Thursday, 16 June 2011

Can Art be a good investment?*

If you pop down to your local art gallery, you will probably see a range of different works of art on display. If you ask your friendly art gallery owner what you should purchase as a good ‘investment’, he or she will almost certainly say ‘buy what you like’. Firstly, this absolves him of any responsibility to you, and also means he is free to sell you almost anything, at almost any price, as long as you ‘like’ it.  

Art is a market estimated to be worth in the region of $50 billion annually as of 2007.Since then it has dropped, and some commentators believe its present level to be around $15-20 billion. In reality, the art market is not one single market, but many different markets operating in many different countries, at many different levels, all at the same time. Art is a generic term which includes painting, ceramics, antiques and more categories, most of which have specialist experts and traders.

 If we are to get into the nitty gritty of whether art is or can be a good investment (the action or process of investing money for profit), rather than just speculation (a conjecture without firm evidence) we have to be much more specific about what we are talking about. Being more specific means identifying which art market and which artist, and maybe even what period we are talking about.

The art market is the last unregulated market of significant dimension in the world. The art markets are generally regarded as being extremely inefficient, opaque and riddled with conflicts of interest. All wise investors know that where these characteristics exist, combined with the lack of regulation means that there exist significant opportunities for financial gain. But the opportunities for financial gain mainly accrue to those relatively few players who have the time, the expertise and the capital to turn the opportunities into financial gain.

The art markets are dominated by the main auction houses which are Sotheby’s and Christies, followed by Bonham’s and other smaller auction houses who account for between 25- 50% of the market.

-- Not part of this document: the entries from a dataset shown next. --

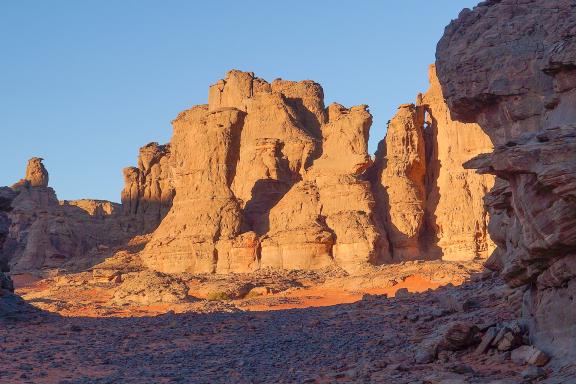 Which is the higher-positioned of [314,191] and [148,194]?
[148,194]

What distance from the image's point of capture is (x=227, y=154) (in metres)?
43.8

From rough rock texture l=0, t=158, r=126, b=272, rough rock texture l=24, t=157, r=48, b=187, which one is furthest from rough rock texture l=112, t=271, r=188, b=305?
rough rock texture l=24, t=157, r=48, b=187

The other 50% or so is made up of art dealers, galleries and the many other players in the markets.

In 2007 the USA accounted for 46% of the world’s art auction turnover. The second largest market was the UK, followed by China who had just recently displaced France from third position. Traditionally as the USA accounted for such a large part of the art markets, it is not unsurprising that the markets are driven by the spending power and tastes of American collectors. The state of the American economy and the international value of the dollar is a strong influence in many parts of the art markets. However in 2010 China became the premier player in the market with a 34% market share, pushing the Americans into second place. A new order has come into existence.

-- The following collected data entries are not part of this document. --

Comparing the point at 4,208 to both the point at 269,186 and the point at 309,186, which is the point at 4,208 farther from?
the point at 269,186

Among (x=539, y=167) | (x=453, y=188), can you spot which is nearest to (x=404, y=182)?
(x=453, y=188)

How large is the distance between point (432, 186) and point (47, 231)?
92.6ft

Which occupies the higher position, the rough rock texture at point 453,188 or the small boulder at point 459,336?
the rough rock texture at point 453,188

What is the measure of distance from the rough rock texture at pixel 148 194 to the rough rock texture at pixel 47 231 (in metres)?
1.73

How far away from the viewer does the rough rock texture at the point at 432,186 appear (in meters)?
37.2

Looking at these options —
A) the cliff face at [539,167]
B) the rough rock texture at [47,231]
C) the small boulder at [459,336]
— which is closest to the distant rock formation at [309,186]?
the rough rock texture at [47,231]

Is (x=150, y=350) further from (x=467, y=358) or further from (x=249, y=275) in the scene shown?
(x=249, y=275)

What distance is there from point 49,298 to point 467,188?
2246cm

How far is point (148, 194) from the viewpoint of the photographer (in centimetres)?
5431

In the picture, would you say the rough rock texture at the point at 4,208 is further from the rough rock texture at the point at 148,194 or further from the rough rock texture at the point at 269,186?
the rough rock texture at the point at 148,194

There is one golden rule in the art markets. It is only after an artist is dead, and that his work is therefore concluded, that a consensus of art experts will build up about the recognition and value that can be attributed to that artist. But it is only by producing consistently good work in some volume during their lifetime that artists can come to the attention of the major players in the markets and achieve that recognition.

Like all markets art is affected by supply and demand. Demand will depend on how much fame an artist can achieve for himself and his work during his lifetime. As Andy Warhol put it ‘Everyone will be famous for 15 minutes’. But they will need to be famous for a lot longer than 15 minutes if their art is ever to be considered an investment, rather than a decorative object, because as Warhol so succinctly put it ‘An artist is somebody who produces things that people don't need to have’. The trick here is that if you buy something that you don't need to have, but you want it, will other people want it too?

*This is the first blog of a series by Luxury Hedonist on Art as an investment.